|Photo by Maggie Q. Magniloquent, Some Rights Reserved|
I posted adds on Kijiji last week offering the rowing machine and the recumbent bike for sale. Last weekend, the rowing machine was snatched up (after generating lots of interest), and this morning, the recumbent bike was sold. I was actually a bit surprised that the recumbent bike went given that it is more than 10 years old, and the manufacturer no longer sells replacement parts for it. However, it's the right price and the right piece of equipment for some, and those are the people who expressed an interest in the bike.
I'm actually a little sad to see the bike go, because it was the foundational piece of equipment in my basement when I last worked out in 1999-2000 to get in shape. Sure, the bike wasn't the fanciest thing, nor was it the most modern, but it was a lot like me - - good at brute force.
In other news, now that I am officially "pre-diabetic" [editorial comment: "bleh"], I need to become much more aware of how many carbs I ingest every day, because the carbs have a direct impact on my blood sugar. I have already been tracking my food for about a week or so (albeit with a bit of a bobble with 3 missing days because MyFitnessPal deleted my account), so I was able to look back and see how my carbs have been recently.

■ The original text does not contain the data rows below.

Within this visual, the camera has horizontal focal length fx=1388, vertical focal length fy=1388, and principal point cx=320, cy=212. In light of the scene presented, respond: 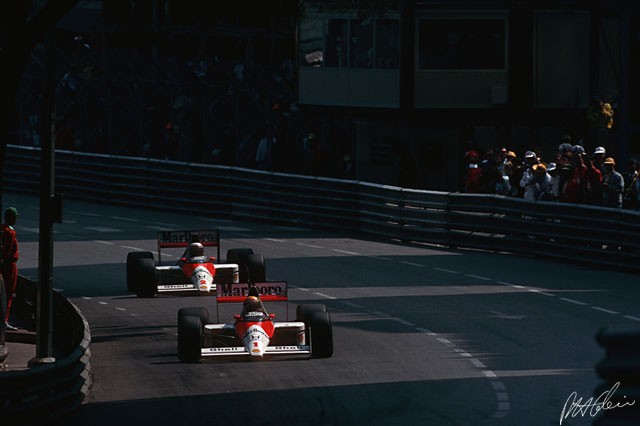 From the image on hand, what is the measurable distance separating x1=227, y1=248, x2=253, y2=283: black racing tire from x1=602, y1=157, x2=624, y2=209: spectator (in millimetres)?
7014

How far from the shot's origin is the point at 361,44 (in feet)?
126

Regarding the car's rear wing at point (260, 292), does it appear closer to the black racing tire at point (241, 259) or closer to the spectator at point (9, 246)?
the spectator at point (9, 246)

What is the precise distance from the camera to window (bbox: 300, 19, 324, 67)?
39656 millimetres

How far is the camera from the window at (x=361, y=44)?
125 ft

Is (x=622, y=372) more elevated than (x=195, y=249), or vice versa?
(x=195, y=249)

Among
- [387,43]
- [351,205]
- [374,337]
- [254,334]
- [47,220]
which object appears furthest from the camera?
[387,43]

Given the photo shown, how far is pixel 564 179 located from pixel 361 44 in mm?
12873

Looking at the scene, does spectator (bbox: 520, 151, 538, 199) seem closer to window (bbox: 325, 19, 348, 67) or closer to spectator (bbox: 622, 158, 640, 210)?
spectator (bbox: 622, 158, 640, 210)

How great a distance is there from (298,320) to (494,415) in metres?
4.02

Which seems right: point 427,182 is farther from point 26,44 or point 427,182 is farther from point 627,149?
point 26,44

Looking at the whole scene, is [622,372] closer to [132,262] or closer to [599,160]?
[132,262]

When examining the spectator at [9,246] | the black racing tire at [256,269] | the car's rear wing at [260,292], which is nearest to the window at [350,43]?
the black racing tire at [256,269]

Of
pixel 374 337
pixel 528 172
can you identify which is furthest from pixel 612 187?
pixel 374 337

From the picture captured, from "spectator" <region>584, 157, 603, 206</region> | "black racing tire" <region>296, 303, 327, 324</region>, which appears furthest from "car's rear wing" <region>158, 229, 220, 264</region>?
"spectator" <region>584, 157, 603, 206</region> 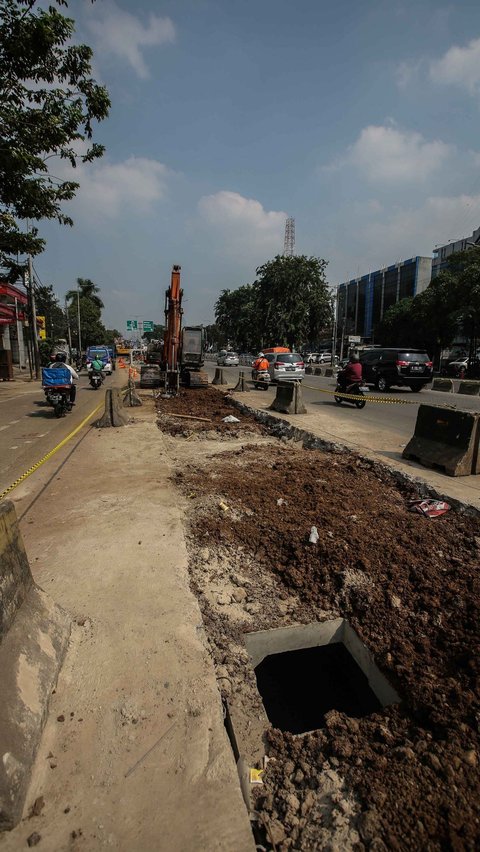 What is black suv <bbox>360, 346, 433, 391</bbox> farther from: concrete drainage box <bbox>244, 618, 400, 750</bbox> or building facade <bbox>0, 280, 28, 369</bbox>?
building facade <bbox>0, 280, 28, 369</bbox>

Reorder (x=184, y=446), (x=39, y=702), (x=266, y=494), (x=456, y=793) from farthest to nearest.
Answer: (x=184, y=446), (x=266, y=494), (x=39, y=702), (x=456, y=793)

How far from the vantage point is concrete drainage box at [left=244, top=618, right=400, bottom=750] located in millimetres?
3229

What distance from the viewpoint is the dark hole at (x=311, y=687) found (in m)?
3.27

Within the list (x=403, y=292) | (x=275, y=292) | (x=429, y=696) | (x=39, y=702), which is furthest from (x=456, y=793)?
(x=403, y=292)

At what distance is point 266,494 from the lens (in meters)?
5.89

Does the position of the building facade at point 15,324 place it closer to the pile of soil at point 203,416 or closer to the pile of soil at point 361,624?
the pile of soil at point 203,416

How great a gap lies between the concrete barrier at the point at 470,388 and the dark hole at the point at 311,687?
2103 centimetres

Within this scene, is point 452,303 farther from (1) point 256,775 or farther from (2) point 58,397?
(1) point 256,775

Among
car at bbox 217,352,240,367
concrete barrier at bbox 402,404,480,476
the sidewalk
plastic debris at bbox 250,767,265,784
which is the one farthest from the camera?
car at bbox 217,352,240,367

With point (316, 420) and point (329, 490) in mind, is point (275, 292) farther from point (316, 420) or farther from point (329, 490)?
point (329, 490)

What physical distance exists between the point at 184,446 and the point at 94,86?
992 centimetres

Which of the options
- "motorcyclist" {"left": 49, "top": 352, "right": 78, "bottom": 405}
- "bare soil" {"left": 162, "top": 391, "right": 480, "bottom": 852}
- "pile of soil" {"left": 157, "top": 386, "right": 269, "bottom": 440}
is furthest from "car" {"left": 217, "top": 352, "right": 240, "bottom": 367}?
"bare soil" {"left": 162, "top": 391, "right": 480, "bottom": 852}

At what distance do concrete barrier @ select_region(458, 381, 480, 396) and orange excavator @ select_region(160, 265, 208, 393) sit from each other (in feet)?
42.4

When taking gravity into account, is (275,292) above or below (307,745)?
above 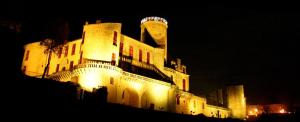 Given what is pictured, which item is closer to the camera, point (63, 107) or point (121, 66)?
point (63, 107)

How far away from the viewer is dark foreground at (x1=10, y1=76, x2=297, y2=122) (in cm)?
2075

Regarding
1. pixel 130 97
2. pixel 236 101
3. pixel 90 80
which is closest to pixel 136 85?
pixel 130 97

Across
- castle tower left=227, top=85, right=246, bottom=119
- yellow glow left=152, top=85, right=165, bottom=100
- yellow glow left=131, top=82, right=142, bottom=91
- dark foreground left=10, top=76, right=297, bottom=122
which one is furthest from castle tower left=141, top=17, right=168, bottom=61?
dark foreground left=10, top=76, right=297, bottom=122

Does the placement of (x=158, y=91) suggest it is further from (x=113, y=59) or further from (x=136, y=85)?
(x=113, y=59)

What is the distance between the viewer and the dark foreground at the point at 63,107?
20750 millimetres

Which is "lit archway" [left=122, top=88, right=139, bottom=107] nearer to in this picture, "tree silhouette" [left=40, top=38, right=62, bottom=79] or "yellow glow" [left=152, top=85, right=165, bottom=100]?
"yellow glow" [left=152, top=85, right=165, bottom=100]

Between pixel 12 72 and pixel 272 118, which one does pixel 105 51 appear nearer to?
pixel 12 72

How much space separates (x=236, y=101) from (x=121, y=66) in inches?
1447

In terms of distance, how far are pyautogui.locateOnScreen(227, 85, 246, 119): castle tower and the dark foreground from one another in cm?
4262

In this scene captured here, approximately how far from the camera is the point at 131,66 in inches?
1868

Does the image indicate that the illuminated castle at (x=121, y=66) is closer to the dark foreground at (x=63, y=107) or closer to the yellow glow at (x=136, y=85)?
the yellow glow at (x=136, y=85)

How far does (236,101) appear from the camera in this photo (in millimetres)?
70750

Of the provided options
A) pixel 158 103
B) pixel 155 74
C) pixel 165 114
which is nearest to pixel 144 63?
pixel 155 74

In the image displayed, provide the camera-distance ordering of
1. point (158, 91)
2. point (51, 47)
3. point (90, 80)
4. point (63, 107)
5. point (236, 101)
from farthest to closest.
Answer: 1. point (236, 101)
2. point (51, 47)
3. point (158, 91)
4. point (90, 80)
5. point (63, 107) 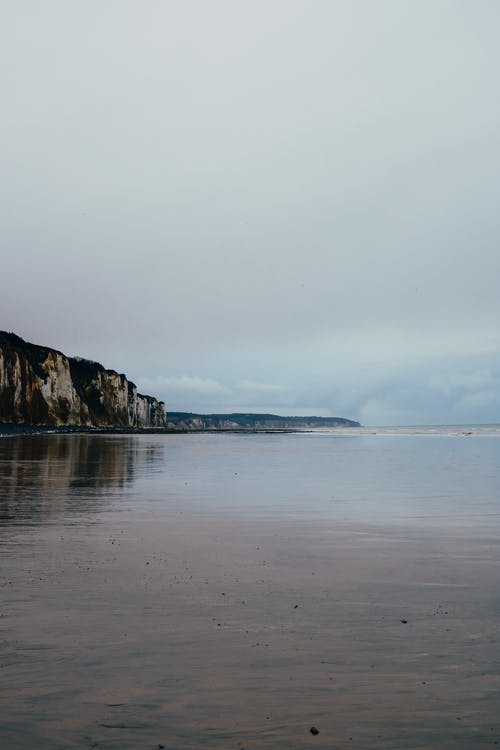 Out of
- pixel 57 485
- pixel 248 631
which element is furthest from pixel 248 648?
pixel 57 485

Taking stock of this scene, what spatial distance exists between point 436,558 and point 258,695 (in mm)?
7272

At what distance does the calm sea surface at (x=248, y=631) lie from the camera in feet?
18.1

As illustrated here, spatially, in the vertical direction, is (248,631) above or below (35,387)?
below

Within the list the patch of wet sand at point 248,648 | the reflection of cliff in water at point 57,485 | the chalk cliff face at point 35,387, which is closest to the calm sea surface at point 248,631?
the patch of wet sand at point 248,648

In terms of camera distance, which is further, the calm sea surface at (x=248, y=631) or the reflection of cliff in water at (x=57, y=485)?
the reflection of cliff in water at (x=57, y=485)

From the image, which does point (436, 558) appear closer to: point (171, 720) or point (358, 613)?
point (358, 613)

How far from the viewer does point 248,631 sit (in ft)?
25.9

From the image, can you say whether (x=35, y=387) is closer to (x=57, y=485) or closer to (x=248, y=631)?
(x=57, y=485)

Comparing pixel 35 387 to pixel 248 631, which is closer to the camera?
pixel 248 631

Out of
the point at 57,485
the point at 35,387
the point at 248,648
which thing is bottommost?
Answer: the point at 248,648

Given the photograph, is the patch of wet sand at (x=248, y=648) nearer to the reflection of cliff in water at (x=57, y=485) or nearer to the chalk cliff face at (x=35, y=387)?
the reflection of cliff in water at (x=57, y=485)

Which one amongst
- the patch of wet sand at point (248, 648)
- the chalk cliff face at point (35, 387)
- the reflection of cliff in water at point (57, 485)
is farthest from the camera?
the chalk cliff face at point (35, 387)

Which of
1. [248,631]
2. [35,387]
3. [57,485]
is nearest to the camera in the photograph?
[248,631]

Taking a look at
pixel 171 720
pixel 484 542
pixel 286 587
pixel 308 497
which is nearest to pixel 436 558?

According to the Canadian Diabetic Association, you should eat some level of carbs every day. How much? The actual amount will depend on your gender, amount of exercise each day, and whether you are trying to lose weight or maintain weight. Which is a complicated way of saying "it depends". From what I can see, as a pre-diabetic woman trying to lose weight who exercises 6 times a week, I should try and ingest no more than 200g - 250g of carbs per day - - around 60g at each meal, and 5g for each snack.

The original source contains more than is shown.